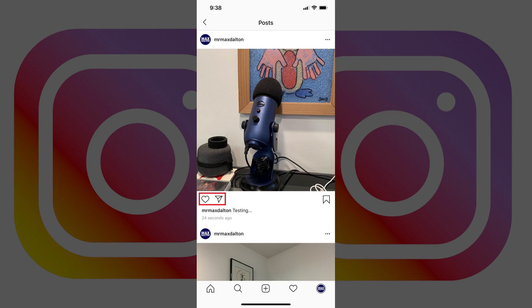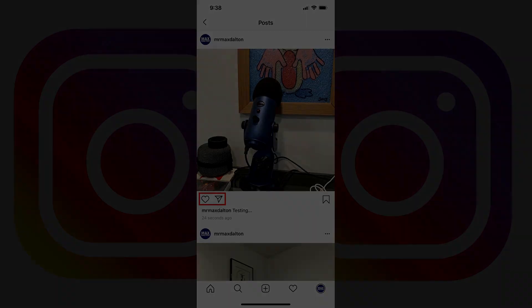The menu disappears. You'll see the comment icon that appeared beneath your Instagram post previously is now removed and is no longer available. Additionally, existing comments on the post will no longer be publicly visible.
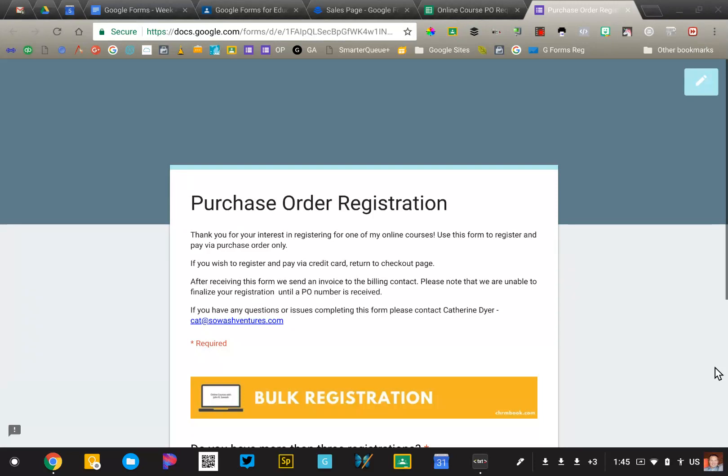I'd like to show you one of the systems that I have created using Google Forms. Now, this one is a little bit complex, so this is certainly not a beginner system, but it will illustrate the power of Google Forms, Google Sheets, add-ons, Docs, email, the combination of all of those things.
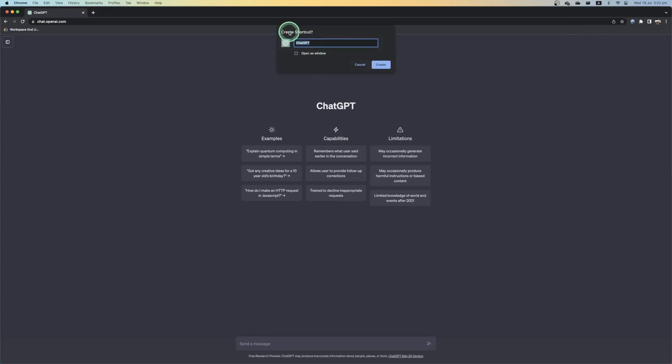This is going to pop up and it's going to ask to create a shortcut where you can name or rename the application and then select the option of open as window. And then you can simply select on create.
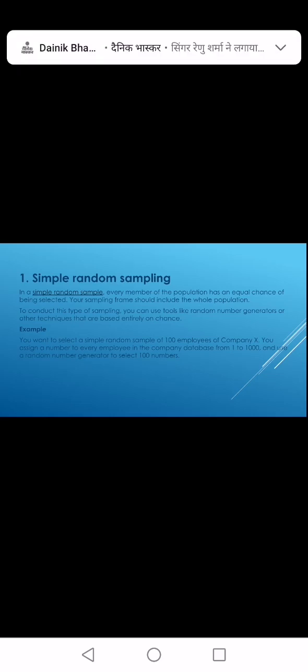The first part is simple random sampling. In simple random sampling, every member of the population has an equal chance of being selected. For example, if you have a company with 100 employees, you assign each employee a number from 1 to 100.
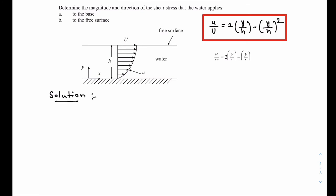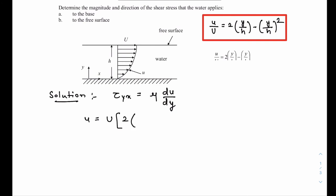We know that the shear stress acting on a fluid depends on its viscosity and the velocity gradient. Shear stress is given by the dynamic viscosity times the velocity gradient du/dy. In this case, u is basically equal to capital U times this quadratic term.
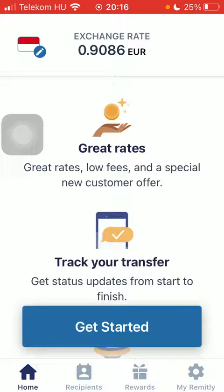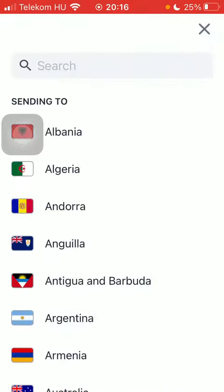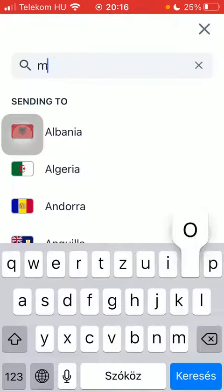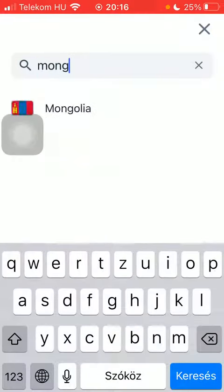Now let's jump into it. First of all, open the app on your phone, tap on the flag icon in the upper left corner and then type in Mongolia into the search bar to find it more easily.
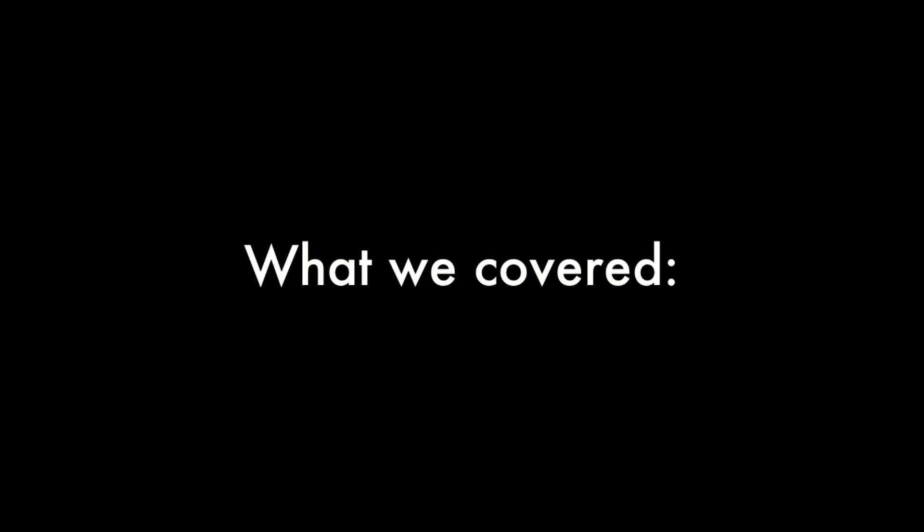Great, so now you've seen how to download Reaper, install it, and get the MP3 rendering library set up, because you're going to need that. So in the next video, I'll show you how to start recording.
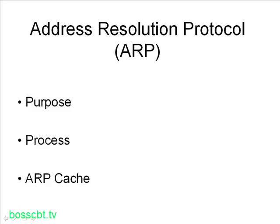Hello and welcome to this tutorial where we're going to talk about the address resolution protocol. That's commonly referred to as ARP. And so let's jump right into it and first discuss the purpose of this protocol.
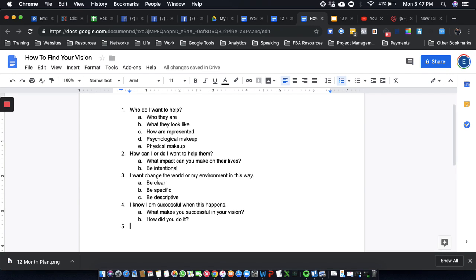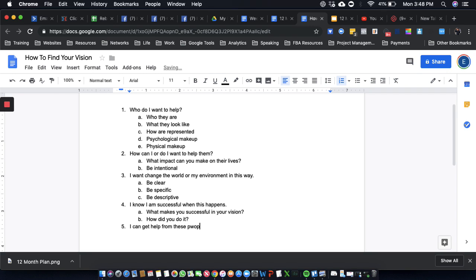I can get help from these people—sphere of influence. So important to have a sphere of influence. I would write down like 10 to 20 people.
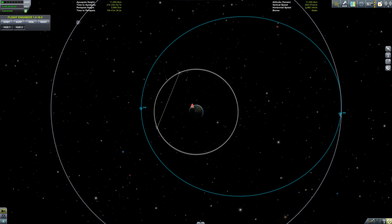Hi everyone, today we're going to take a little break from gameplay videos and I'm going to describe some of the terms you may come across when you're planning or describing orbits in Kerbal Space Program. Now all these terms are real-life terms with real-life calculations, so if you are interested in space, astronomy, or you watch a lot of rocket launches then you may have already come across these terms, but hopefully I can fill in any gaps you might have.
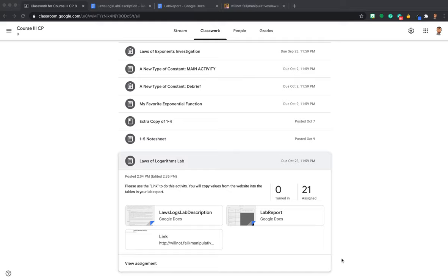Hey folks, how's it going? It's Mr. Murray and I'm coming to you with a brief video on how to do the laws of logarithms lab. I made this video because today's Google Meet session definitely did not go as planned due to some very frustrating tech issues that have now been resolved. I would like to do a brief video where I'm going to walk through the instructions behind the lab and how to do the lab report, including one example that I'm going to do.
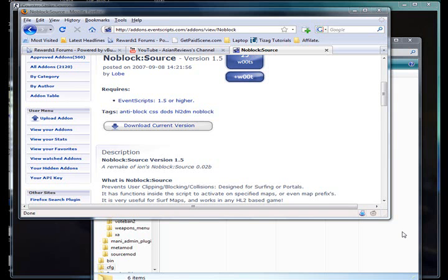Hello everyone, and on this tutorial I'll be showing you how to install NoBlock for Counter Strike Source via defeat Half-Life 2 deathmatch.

▶ ACTIVITY:
In the listing above, find the line with "I'd like to" and the line with "This is going". Copy exactly those lines and all between them, minus the images.

▶ EXERCISE RESPONSE:
I'd like to show you one of the systems that I have created using Google Forms. Now, this one is a little bit complex, so this is certainly not a beginner system, but it will illustrate the power of Google Forms, Google Sheets, add-ons, Docs, email, the combination of all of those things.
This is going to pop up and it's going to ask to create a shortcut where you can name or rename the application and then select the option of open as window. And then you can simply select on create.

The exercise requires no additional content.